A note from the Director, Hendrik Schatz
Dear Members of the JINA-CEE Community and Friends,
I would like to take this opportunity to highlight and express my appreciation for the tremendous contributions of early career scientists, in particular students and postdocs, to the ongoing success of JINA-CEE. None of the science highlights in this newsletter would have been possible without their scientific contributions. We are proud that today more than 200 students and postdocs are part of JINA-CEE, and some are introduced in this newsletter. This bodes well for the future of the field of nuclear astrophysics. We have worked hard to create opportunities for engagement and professional development for young scientists across disciplines and I continue to be impressed by the response to these opportunities. Highlights entirely organized by young scientists include the online-seminar series, the annual collaboration meeting "Frontiers in Nuclear Astrophysics", or the Junior Workshop at the JINA Horizons Conference in December 2020. Along these lines, a new partnership with minority serving institutions across the US is focusing on introducing under-graduate students to cutting edge research in nuclear astrophysics (see article in this letter).
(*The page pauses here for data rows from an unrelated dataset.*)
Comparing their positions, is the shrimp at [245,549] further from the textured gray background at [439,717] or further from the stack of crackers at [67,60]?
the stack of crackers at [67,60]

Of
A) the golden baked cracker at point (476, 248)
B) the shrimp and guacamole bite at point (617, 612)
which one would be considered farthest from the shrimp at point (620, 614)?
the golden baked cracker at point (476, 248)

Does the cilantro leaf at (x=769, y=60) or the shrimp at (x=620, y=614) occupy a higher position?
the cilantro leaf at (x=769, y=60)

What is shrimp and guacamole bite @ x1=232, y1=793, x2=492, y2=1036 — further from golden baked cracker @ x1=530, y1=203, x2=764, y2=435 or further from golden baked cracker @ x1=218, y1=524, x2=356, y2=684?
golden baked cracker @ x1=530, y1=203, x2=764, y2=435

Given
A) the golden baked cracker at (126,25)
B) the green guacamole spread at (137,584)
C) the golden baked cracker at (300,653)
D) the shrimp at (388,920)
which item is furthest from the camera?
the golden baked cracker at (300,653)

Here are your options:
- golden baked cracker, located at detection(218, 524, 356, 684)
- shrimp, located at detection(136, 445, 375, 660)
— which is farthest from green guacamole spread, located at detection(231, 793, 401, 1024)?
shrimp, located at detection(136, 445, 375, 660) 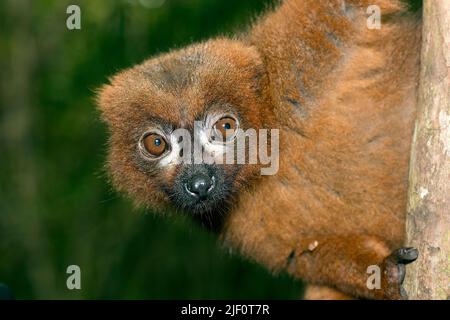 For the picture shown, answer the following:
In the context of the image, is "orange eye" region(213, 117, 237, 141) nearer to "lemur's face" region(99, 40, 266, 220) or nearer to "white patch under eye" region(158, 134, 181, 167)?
"lemur's face" region(99, 40, 266, 220)

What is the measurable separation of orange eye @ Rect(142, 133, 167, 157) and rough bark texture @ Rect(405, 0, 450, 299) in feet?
6.35

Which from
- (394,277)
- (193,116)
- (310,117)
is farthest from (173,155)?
(394,277)

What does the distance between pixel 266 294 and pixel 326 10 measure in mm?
5256

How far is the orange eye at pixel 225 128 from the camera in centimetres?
554

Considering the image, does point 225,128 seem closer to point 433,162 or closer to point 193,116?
point 193,116

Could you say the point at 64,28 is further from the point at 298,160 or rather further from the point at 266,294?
the point at 298,160

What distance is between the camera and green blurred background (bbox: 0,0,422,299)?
30.6 ft

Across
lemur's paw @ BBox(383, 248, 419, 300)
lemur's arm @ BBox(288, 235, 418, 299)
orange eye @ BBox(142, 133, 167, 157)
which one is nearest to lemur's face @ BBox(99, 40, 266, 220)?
orange eye @ BBox(142, 133, 167, 157)

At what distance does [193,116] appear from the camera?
18.0ft

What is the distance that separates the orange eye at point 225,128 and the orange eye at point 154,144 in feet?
1.33

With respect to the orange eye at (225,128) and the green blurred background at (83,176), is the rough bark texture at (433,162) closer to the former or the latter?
the orange eye at (225,128)

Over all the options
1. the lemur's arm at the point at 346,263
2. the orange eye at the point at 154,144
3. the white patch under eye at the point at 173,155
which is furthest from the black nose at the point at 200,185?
the lemur's arm at the point at 346,263

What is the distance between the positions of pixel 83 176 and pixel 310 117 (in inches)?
200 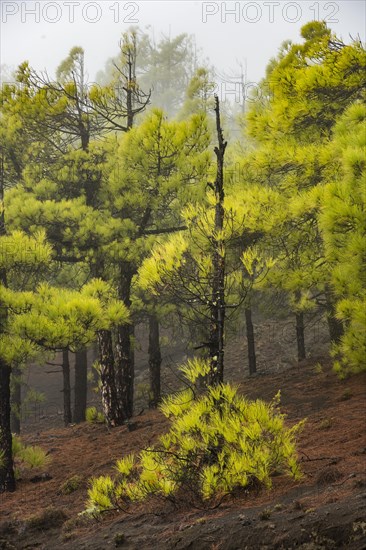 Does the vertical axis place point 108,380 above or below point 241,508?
above

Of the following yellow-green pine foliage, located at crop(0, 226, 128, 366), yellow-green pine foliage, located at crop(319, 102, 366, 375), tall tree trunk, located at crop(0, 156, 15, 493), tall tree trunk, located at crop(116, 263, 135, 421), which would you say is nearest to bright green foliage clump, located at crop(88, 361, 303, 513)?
yellow-green pine foliage, located at crop(0, 226, 128, 366)

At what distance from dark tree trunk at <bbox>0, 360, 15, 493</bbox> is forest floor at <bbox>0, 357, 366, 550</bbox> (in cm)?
23

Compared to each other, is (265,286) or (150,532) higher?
(265,286)

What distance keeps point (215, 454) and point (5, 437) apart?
12.6 ft

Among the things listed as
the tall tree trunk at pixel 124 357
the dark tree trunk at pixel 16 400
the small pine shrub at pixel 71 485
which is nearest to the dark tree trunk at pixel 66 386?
the dark tree trunk at pixel 16 400

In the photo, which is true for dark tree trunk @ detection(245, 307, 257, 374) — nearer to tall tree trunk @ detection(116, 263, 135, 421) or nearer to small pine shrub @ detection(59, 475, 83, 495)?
tall tree trunk @ detection(116, 263, 135, 421)

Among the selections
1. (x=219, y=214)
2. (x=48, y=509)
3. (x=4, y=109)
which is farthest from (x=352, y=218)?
(x=4, y=109)

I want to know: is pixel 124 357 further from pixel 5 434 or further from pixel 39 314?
pixel 39 314

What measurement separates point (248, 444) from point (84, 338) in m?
2.91

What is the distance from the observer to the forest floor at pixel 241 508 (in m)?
3.44

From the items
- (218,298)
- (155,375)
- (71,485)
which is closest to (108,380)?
(155,375)

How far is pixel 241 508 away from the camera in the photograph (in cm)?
421

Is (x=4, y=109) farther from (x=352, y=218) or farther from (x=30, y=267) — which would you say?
(x=352, y=218)

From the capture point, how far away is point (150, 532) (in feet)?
14.1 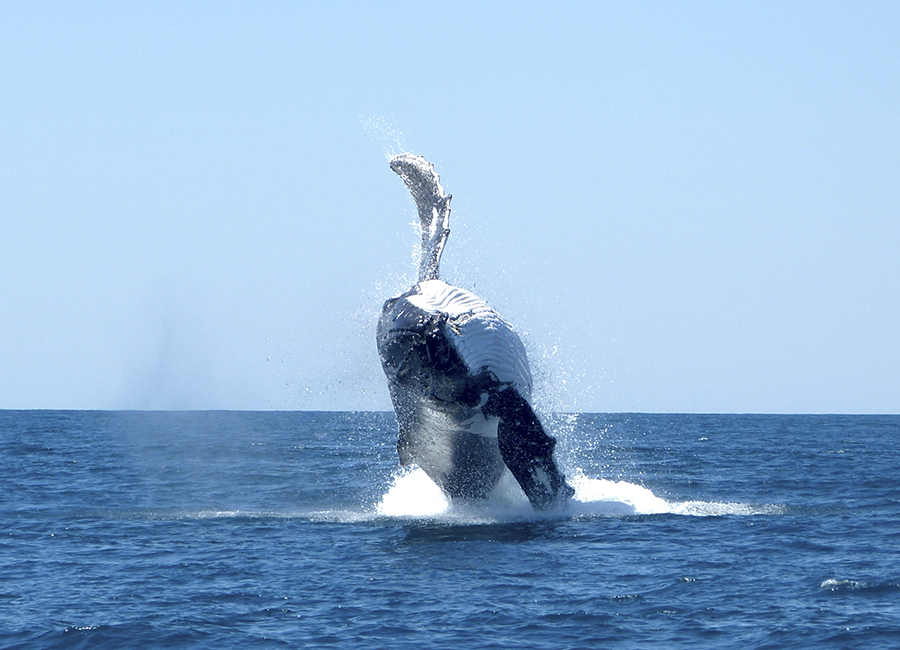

Recently JINA-CEE also strengthened its international connections considerably with the NSF supported IReNA network and I am happy to report that students and postdocs took advantage of this opportunity to initiate an international young researchers network. If you are interested in join-ing this network contact Rahul Jain at Michigan State University or Camilla Hansen at MPA Garching in Germany. If you are an early career scientist in nuclear astrophysics I encourage you to explore opportunities offered by JINA-CEE and IReNA. I always look forward to hearing from you about new ideas, and how we can improve support for early career scientists further.